[TASK TO CARRY OUT] From the line containing "yourpokercash" to the last line of the listing, transcribe exactly and add nothing else; keep both ends and omit pictures.

[COLLECTED DATA]
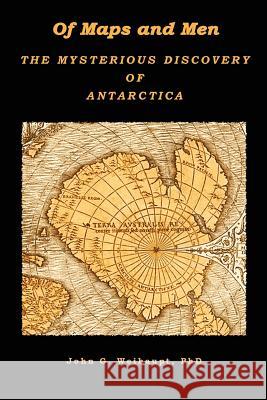 Of Maps and Men: The Mysterious Discovery of Antarctica John G. Weihaup 9781494375294 Createspace - książka
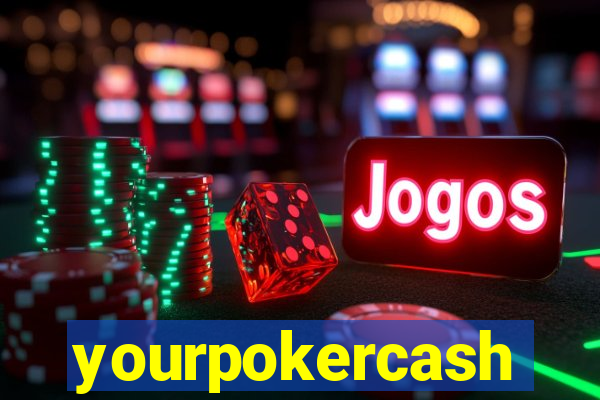 yourpokercash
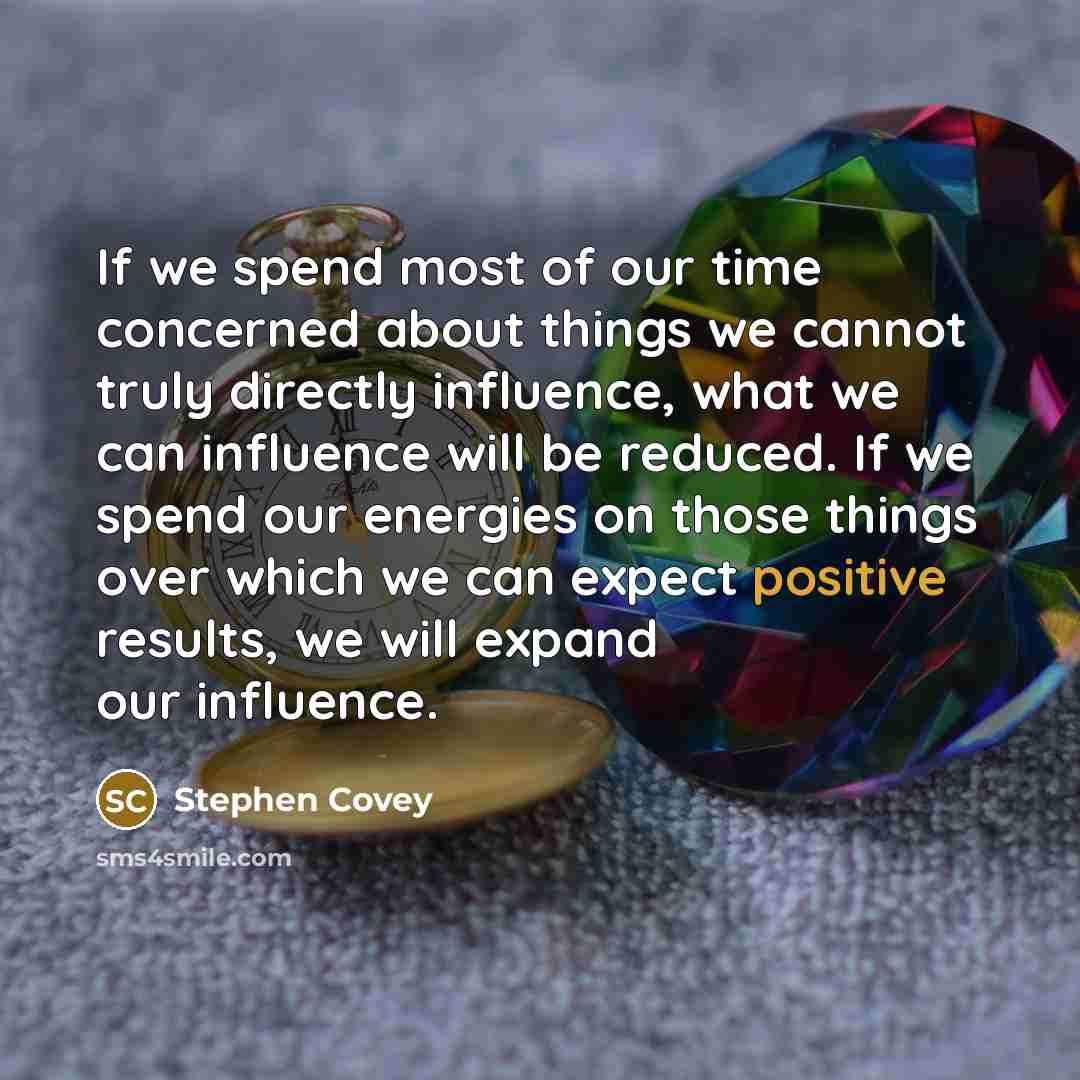 “If we spend most of our time concerned about things…” quote by Stephen Covey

[EXERCISE RESULT]
 yourpokercash
 “If we spend most of our time concerned about things…” quote by Stephen Covey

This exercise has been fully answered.